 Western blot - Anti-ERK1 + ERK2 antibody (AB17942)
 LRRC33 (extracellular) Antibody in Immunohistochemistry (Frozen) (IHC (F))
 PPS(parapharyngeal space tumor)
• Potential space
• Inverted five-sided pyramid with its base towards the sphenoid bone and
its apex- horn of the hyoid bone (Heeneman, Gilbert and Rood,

* * *

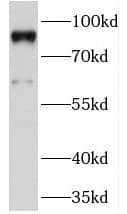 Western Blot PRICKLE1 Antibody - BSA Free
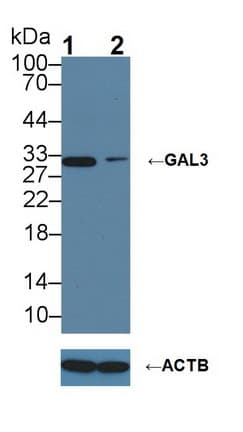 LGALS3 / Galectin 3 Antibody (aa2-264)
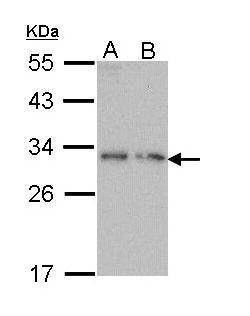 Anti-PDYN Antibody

- _Problem to work on_: Above are the records. Copy every line in them holding "space".

- _Written response_:
 PPS(parapharyngeal space tumor)
• Potential space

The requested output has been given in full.